Python Forum
Chunking and Sorting a large file - Printable Version

+- Python Forum (https://python-forum.io)
+-- Forum: Python Coding (https://python-forum.io/forum-7.html)
+--- Forum: Data Science (https://python-forum.io/forum-44.html)
+--- Thread: Chunking and Sorting a large file (/thread-28665.html)

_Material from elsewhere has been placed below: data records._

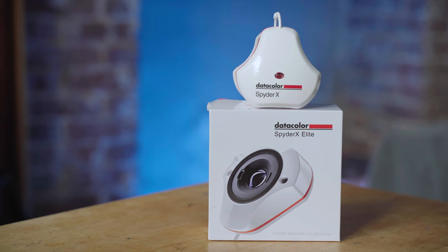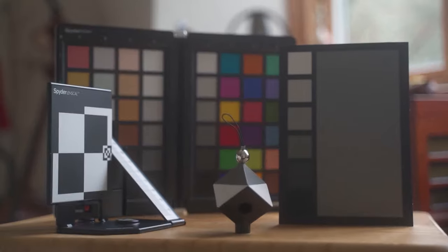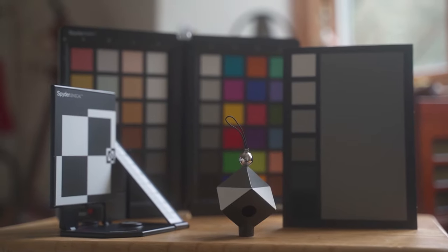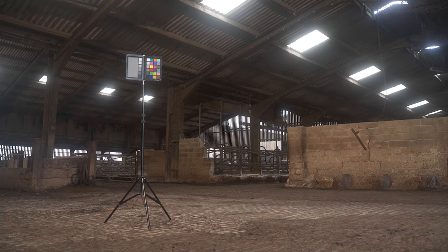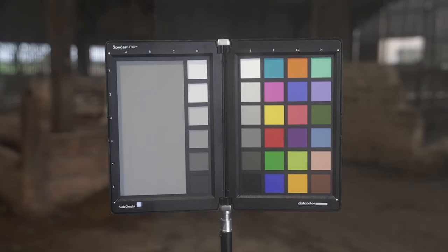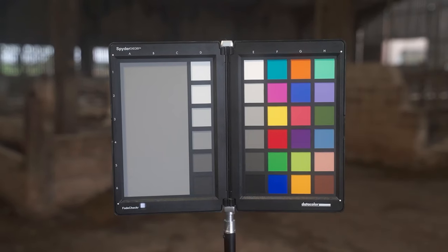This week we're going to take a look at the Spyder X Elite from Datacolor. Previously we looked at other products from the Spyder range and how you can use them to get accurate colors in camera.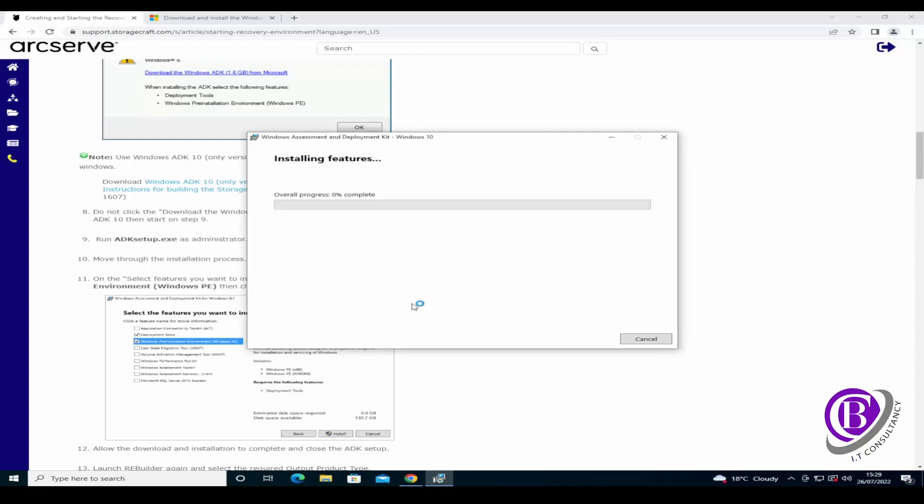Click yes to that and we just let that download and install. I'm going to speed up through this as it's going to take a few minutes.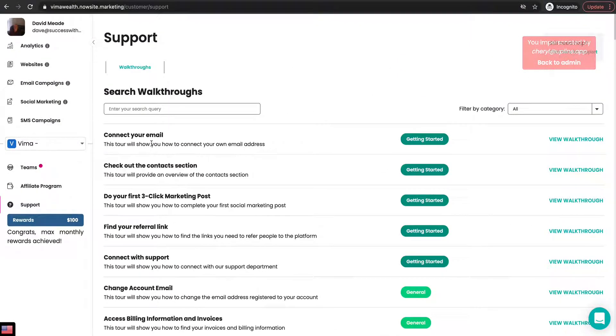If there's any section that you need to walk through, you can always just click 'View Walkthrough' and it'll take you through step-by-step of each section.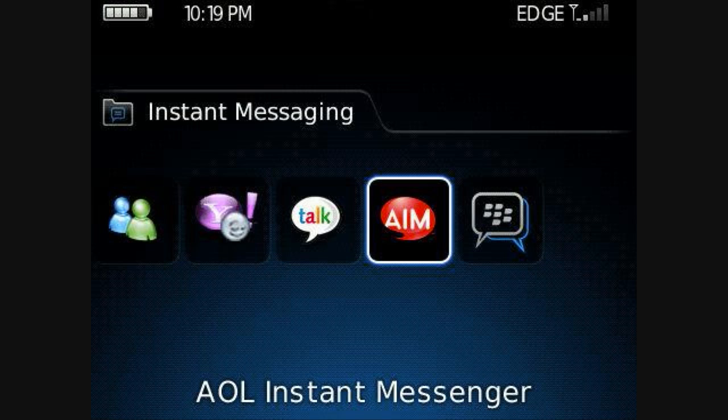The AIM Instant Messenger is built into the 8900 — it's in the Instant Messaging section on the 8900's menu. You can download it straight off the website; it directs you there when you click on the icon, and it's free, if you already have an AIM account.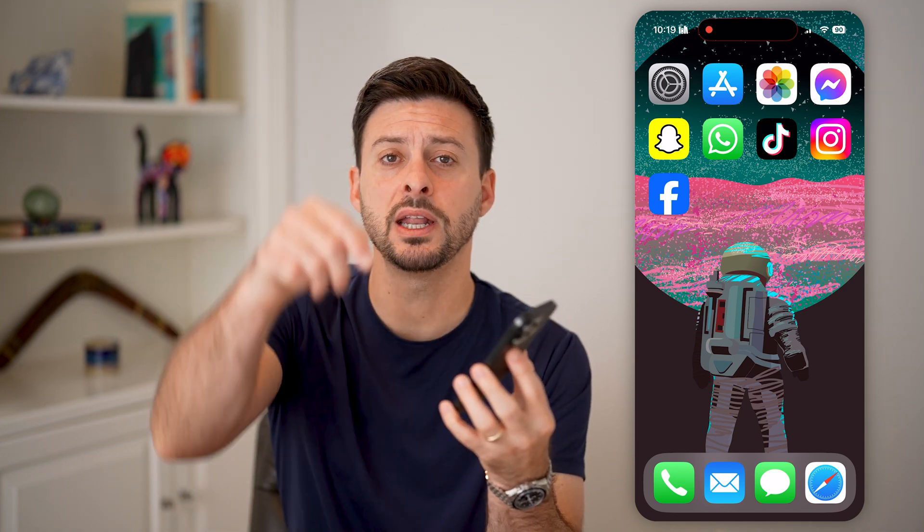I hope this helps. Hit the like button down below and leave a comment if you still have any questions. Thanks guys.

Chunking and Sorting a large file - Robotguy - Jul-28-2020

Hi Everyone,

I am trying to read and sort a large text file (10 GBs) in chunks. The aim is to sort the data based on column 2. The following achieves reading the (huge) data but I am struggling to sort it. Can anyone help please? I can sort the individual chunks (via argsort) but I am don't know how to merge everything; outputting the final Nx4 sorted array (that I plan to store in HDF5 file).


filename = "file.txt"
nrows = sum(1 for line in open(filename)) # nrows in the file
ncols = 4 # no. of cols.

idata = np.empty((nrows, ncols), dtype=np.float32) # np array to extract the data
i = 0
chunks = pd.read_csv(filename, chunksize=10000,
                     names=['ch', 'tmstp', 'lt', 'rt'])
# chunks is the complete bulk and each chunk (10,000x4)
for chunk in chunks:
    m, _ = chunk.shape # m = 10,000
    idata[i:i+m, :] = chunk # chunk dataframe => np array idata
    i += m
print(idata) # contains all read data from file.txt 



RE: Chunking and Sorting a large file - Larz60+ - Jul-29-2020

you need a sort routine that uses available memory.
take a look at: https://en.wikipedia.org/wiki/Merge_sort